# [EXERCISE REQUIREMENTS]
For each entry, restate it word for word while omitting any image it holds.

INPUT DATA Block Start

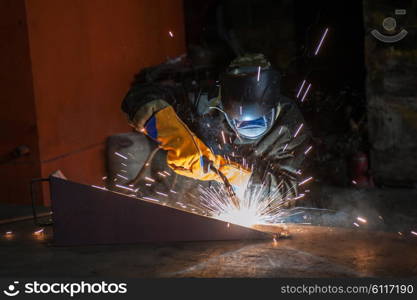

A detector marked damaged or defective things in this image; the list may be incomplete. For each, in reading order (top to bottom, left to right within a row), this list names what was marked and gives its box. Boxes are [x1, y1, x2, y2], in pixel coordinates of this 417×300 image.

rusty metal surface [49, 178, 270, 244]
rusty metal surface [0, 218, 416, 276]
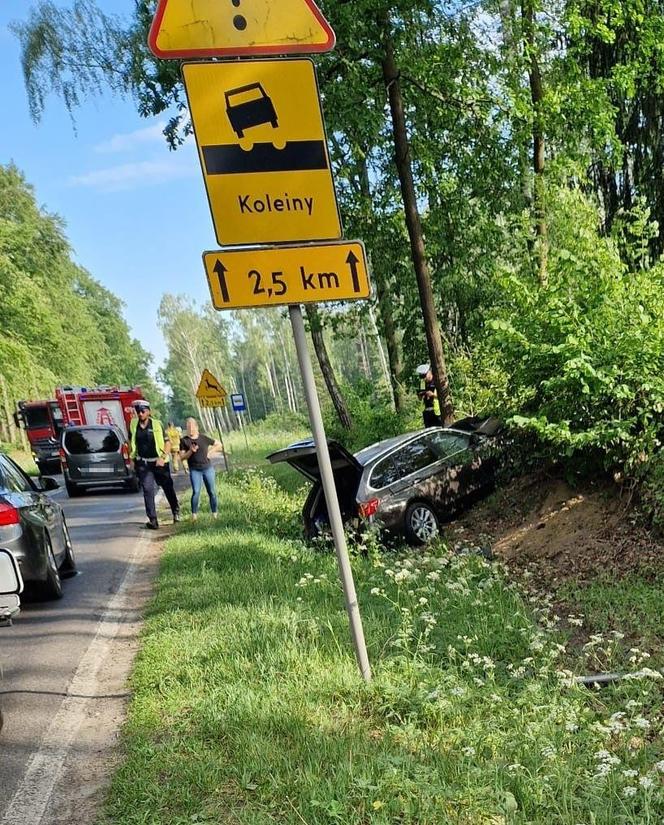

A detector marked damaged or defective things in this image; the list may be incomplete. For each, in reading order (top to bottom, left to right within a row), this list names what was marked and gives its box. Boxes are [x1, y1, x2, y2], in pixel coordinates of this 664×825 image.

crashed gray station wagon [268, 416, 500, 544]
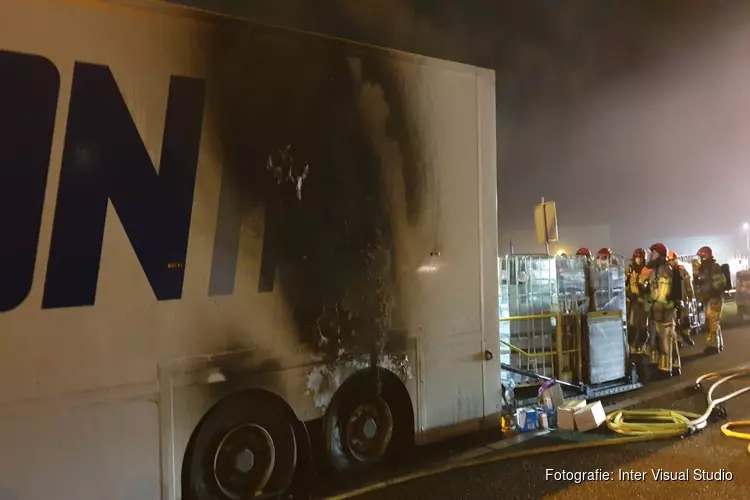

INPUT DATA Block End

# [WRITTEN ANSWER]
A detector marked damaged or defective things in this image; the list may be incomplete. For each, in reading order (top to bottom, left to right within a row), this list names what was marked and gives its box. Boxes are [x1, y1, x2, y2], in pixel coordinates of this 417×300 image.

rusty metal surface [49, 178, 270, 244]
rusty metal surface [0, 218, 416, 276]

A detector marked damaged or defective things in this image; the list may be incomplete. For each, in reading order (top to bottom, left to right within a row), this list names what was marked and gives its box. Boxes are [x1, y1, x2, y2], in pixel coordinates of this 664×825 image.

crashed gray station wagon [268, 416, 500, 544]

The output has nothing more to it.